Subject can only indulge his racing addiction by watching greyhounds. Subject worries that everyone on the street will offer him heroin or challenge him to a basketball game.

Subject consistently shows up to sessions in wrinkled clothing, and seems to suffer from anemia. Subject enjoys golf but awkwardly attempts to play using only a few of the clubs in his bag.

Subject cannot drink soda unless it has caffeine, and she failed her introductory course on computer graphics. Every night before going to sleep, she has to check under her bed for imaginary creatures.

Subject stubbornly resists the iTunes craze and cannot drink cider. When asked about her least favorite album, she is sent into shivers and spits out a 90-word title.

Subject has little job stability after being fired from positions with Amtrak and with the Boston Symphony Orchestra.

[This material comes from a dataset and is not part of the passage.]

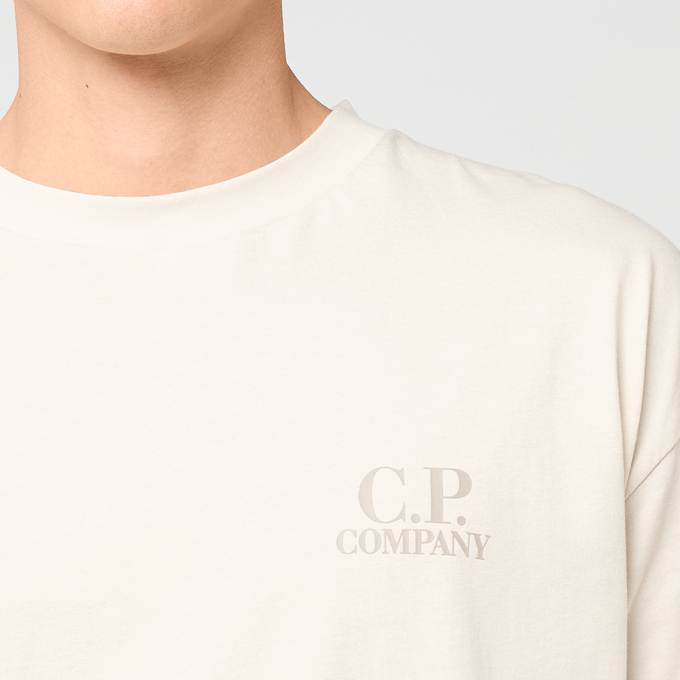 C. P. Company T-Shirt Short Sleeve beige 102700 4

He fears many physical objects, but copper is high on his list.

Subject, when ordering food from Popeye's, requests all white meat. She finds Lars Ulrich extremely intimidating, and she objects to pre-packaged ice cream cones.

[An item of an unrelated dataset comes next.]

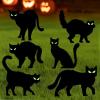 imageJOYIN 6 Pcs Halloween Yard Signs Decorations Outdoor Halloween Black Cat Stakes with Glow in Dark Eyes Scary Silhouette Decor for Pathway Graveyard Yard Garden Lawn Patio Party SuppliesBlack Cat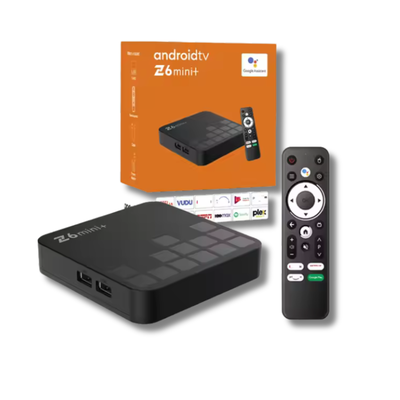 CONVERTIDOR SMART Z6 MINI+ ANDROID TV 8/2GB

Subject has a love of sports, but cannot wear shirts bearing his team affiliation. Subject turned down a scholarship to Princeton University and avoids a certain breed of cattle.

Subject refuses to watch television or use her desktop computer. She notoriously panicked during a visit to a Reptiles of Africa exhibit, and she can no longer read a particular newspaper based in Boston.

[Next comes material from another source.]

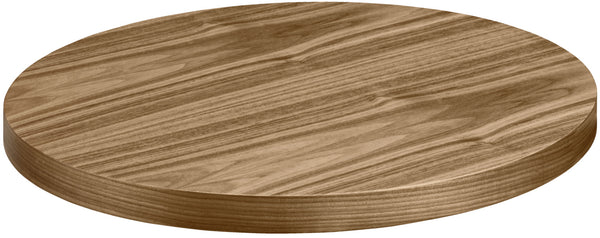 blat Sumba okrągły; 80 cm (Ø); orzech włoski naturalny; okrągły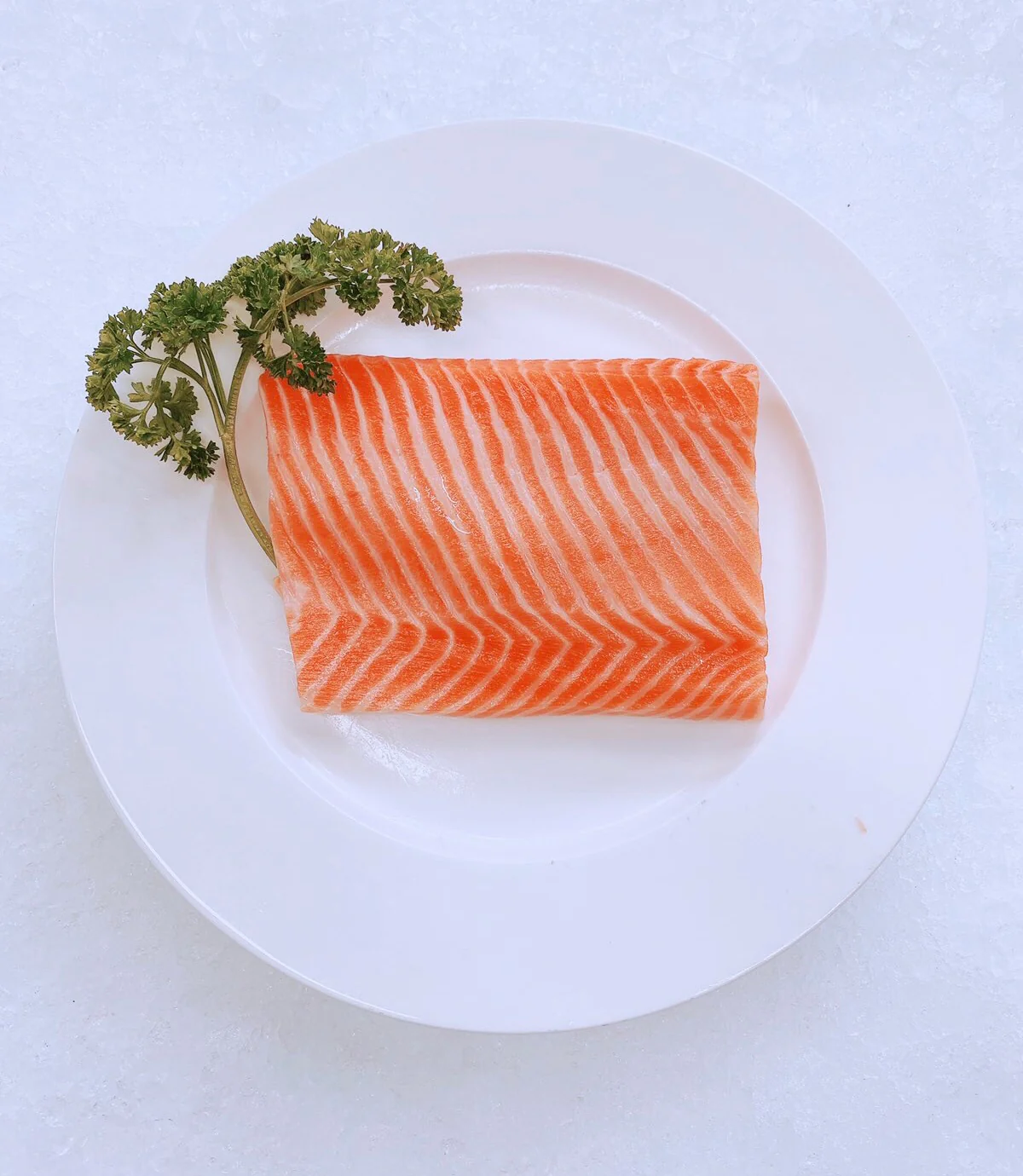 NZ ORA KING SALMON SASHIMI SLICED (MIN 250G)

Subject has stopped watching White House press conferences in recent years, and during the winter, he refuses to go outside. On the bright side, subject's fear did enable him to kick a serious drug habit.

Subject dreads many high-ranking religious officials. While she enjoys Lance Henriksen, there are a few of his films that she cannot watch. Sadly, she stopped reading X-Men comics around 1991.

Subject's corporation has stagnated, but she refuses to fire anyone to bring in new employees. She cringes when she sees an interception in a football game, and she trembles if she enters a pastry shop.

Subject is constantly worried his progress will only be barely adequate. He has night terrors involving the work of Sergio Aragones and the notes contained in Martin Gardner's version of Alice in Wonderland.

Subject eschews some of the more violent Olympic events and certain types of barriers. She once attempted to be a burglar but was unable to comfortably get rid of merchandise.

Subject feels an awkward kinship with displaced oblong objects and is unable to eat salad or cereal. On New Year's Day, subject tends to run away screaming if confronted by a television.

Subject refuses to attend certain sporting events or propose to his girlfriend. After selling 9,999,999 copies of his latest album, subject demanded it immediately be removed from stores.

Subject is uncomfortable with boundaries. She recently spent two weeks lost in a forest because she didn't pack adequately; when found she was drawing imperfect circles.

Subject is a hep cat and avoids anyone who isn't. When traveling on the Red Line he closes his eyes tight between Alewife and Charles/MGH and counts to distract himself: "2... 3... 5... 6..."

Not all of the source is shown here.